> [ABOUT THIS TASK]: In the entries below, find the line with "Jalebi-Griffondor-RetraitVertou-04" and the line with "Jellyfish 8 basrelief". Print those two and everything between them exactly, and nothing else.
━━━━
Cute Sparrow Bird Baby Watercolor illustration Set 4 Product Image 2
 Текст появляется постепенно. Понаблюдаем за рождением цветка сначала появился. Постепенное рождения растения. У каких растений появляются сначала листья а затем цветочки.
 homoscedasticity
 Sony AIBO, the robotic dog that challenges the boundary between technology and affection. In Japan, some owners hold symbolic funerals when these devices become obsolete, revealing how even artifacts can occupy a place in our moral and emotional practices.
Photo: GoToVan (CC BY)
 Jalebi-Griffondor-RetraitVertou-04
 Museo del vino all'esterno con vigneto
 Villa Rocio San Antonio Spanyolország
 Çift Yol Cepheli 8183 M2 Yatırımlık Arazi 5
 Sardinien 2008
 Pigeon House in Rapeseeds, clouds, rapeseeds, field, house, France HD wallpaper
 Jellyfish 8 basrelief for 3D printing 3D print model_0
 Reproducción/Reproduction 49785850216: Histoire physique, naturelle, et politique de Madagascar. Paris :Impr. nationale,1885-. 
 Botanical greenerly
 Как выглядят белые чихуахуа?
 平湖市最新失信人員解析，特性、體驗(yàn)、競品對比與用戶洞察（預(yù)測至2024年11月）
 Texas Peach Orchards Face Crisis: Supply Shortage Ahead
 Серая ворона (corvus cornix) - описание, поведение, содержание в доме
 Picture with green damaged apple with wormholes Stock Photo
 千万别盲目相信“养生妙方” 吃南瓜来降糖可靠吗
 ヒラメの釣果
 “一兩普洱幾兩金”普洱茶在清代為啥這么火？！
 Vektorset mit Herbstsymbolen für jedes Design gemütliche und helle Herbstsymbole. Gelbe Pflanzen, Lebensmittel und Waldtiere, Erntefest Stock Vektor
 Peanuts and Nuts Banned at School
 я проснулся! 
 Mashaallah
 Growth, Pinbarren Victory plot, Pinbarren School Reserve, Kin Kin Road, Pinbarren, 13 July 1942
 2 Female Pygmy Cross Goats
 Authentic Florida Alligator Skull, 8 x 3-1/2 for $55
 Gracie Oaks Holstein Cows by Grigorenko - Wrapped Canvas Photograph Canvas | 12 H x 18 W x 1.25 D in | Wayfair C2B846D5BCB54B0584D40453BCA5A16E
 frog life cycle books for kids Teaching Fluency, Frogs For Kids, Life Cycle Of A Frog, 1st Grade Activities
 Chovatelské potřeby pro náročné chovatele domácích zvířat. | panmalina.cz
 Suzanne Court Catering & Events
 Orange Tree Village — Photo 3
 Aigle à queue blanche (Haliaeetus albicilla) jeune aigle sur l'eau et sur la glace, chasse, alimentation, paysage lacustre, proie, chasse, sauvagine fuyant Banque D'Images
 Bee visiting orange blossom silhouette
━━━━
> [EXERCISE SOLUTION]:
 Jalebi-Griffondor-RetraitVertou-04
 Museo del vino all'esterno con vigneto
 Villa Rocio San Antonio Spanyolország
 Çift Yol Cepheli 8183 M2 Yatırımlık Arazi 5
 Sardinien 2008
 Pigeon House in Rapeseeds, clouds, rapeseeds, field, house, France HD wallpaper
 Jellyfish 8 basrelief for 3D printing 3D print model_0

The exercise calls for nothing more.